Ana Paula Vázquez
[San Luis Hoy]
El Congreso del Estado de San Luis Potosí aprobó la reducción de la jornada laboral de 48 a 40 horas semanales con 25 votos a favor y sin oposición; sin embargo, los trabajadores no verán el cambio de inmediato. La reforma contempla una aplicación gradual que podría extenderse hasta después de 2030 y no asegura dos días obligatorios de descanso por semana.
Aunque el dictamen fue respaldado por todas las fuerzas políticas, el debate dejó claro que la medida llega con matices. La propuesta establece una transición de hasta cinco años, bajo el argumento de evitar afectaciones económicas y dar certidumbre a los empleadores.

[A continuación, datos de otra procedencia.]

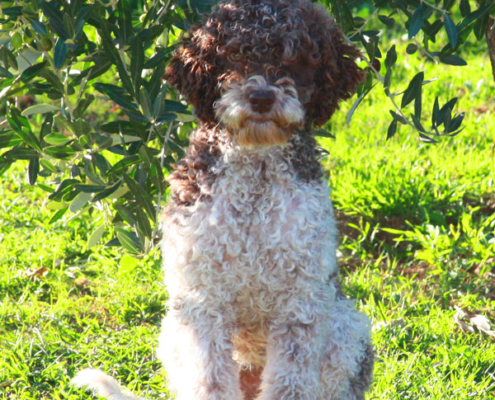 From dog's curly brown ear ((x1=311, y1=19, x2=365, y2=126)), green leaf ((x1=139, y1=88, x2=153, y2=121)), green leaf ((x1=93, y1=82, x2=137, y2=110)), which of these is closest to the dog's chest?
dog's curly brown ear ((x1=311, y1=19, x2=365, y2=126))

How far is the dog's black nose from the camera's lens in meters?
2.55

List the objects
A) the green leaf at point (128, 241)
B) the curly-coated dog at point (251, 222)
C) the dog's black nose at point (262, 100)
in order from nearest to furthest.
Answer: the dog's black nose at point (262, 100) → the curly-coated dog at point (251, 222) → the green leaf at point (128, 241)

Legisladores y legisladoras de Morena, PVEM, Nueva Alianza defendieron la reforma la calificaron como un avance necesario para saldar una deuda histórica con la clase trabajadora y acercar a México a estándares internacionales, donde la conciliación entre vida personal y laboral es más equilibrada. También sostuvieron que reducir las horas podría traducirse en mayor productividad.

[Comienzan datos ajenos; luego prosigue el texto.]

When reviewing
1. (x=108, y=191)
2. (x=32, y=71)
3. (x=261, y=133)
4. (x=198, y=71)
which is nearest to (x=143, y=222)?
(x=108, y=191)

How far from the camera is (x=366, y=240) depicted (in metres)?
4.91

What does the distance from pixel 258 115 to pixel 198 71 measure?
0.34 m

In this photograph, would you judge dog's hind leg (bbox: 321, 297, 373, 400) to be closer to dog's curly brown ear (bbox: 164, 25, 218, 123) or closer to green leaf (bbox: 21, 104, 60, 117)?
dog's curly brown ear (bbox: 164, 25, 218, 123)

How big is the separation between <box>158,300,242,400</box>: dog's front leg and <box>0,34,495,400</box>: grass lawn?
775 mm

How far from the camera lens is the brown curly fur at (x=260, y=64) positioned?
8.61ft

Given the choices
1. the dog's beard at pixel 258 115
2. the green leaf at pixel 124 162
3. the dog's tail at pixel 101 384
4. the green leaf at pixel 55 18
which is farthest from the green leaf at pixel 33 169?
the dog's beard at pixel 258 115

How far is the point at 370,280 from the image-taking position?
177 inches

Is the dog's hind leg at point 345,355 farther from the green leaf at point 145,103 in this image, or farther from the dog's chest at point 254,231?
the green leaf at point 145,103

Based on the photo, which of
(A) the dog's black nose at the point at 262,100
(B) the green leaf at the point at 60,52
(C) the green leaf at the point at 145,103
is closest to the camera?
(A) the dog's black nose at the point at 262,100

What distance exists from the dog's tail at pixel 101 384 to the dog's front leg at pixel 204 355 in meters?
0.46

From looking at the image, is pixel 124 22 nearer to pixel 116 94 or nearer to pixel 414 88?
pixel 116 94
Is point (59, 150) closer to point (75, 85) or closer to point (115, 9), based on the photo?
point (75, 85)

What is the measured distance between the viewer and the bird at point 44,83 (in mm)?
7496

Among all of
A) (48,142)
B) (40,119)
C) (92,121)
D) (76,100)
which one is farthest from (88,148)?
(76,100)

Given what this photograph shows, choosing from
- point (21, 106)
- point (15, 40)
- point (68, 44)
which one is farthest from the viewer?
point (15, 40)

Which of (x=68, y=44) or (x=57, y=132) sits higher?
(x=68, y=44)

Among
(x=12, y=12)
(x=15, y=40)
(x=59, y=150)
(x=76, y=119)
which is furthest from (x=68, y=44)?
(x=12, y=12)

Sin embargo, desde el PAN, PRI y MC advirtieron que el texto aprobado no cumple con la demanda original de garantizar dos días de descanso por cada cinco trabajados. Además, señalaron que la entrada en vigor hasta 2030 aplaza los beneficios reales para las familias, en un contexto donde muchas dependen del ingreso de todos sus integrantes.